The portable sequence
- Diagnose the re-asking and contradicting as state failures, not model failures.
- Inject an explicit, labeled state object built from authoritative data.
- Constrain behavior with negative rules anchored to specific state fields.
- Trim the now-redundant transcript to recover cost and accuracy.
- Measure the change against re-ask and escalation rates to prove it.
Any team facing "the bot doesn't listen" complaints can run this same sequence. The domains differ; the playbook does not.
Frequently Asked Questions
Why not just give the model the full transcript every time?
It works until conversations get long, then the model starts missing or misweighting facts buried in the history. Structured state surfaces the facts that matter, which is both cheaper and more reliable.
How long did the redesign take?
In this account, roughly three weeks across three iterations. The first iteration delivered most of the value; the later ones refined cost and edge cases.
What was the single highest-impact change?
Adding negative constraints anchored to state — specifically, never re-presenting a declined offer.
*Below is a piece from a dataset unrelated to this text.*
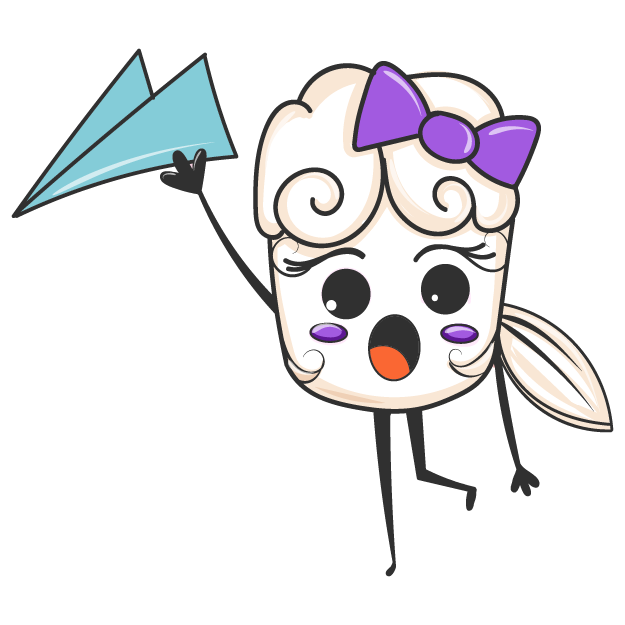 Personaje del módulo 3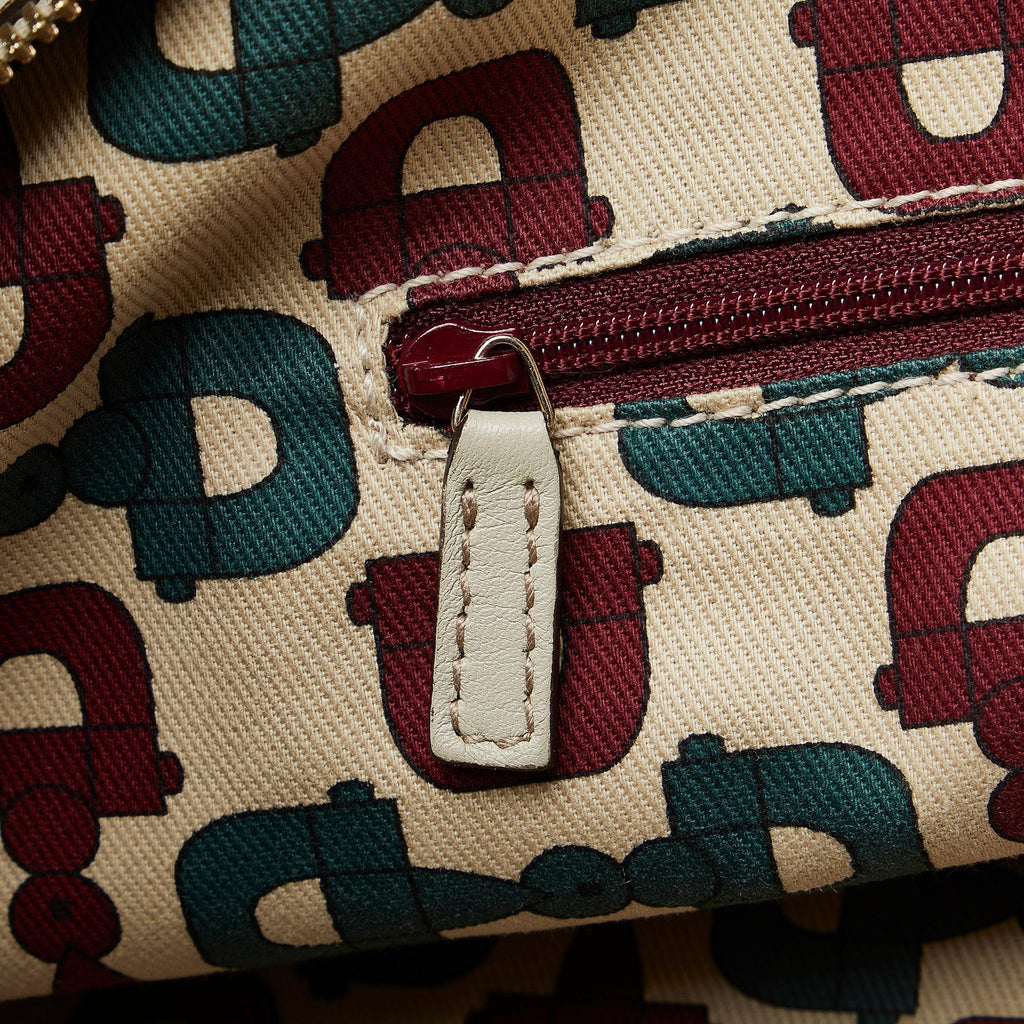 Gucci Guccissima Princy Shoulder Bag (SHG-jTtqW2)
That fixed the most damaging behavior the bot exhibited.
Did the state block increase token costs?
Initially yes, but trimming the now-redundant transcript more than offset it, producing a net reduction in tokens per conversation.
How did they prevent state from drifting out of sync with reality?
The application updated state from authoritative events — payment systems, CRM records — rather than from the model's outputs. The model never wrote canonical state.
Could a smaller team replicate this?
Yes. The core change is conceptual, not infrastructural: stop asking the model to infer state, and start injecting it. A small team can implement a state block in a day.
Key Takeaways
- The root problem was asking the model to reconstruct state from the transcript every turn.
- Injecting an explicit, labeled state object eliminated re-asking and re-pitching behavior.
- Negative constraints anchored to state produced the largest behavioral improvements.
- Trimming the transcript after adding structured state lowered cost and raised accuracy together.
- Canonical state must come from authoritative systems, never from the model's own output.
- Measuring with the right metrics let the team prove the redesign worked rather than assume it.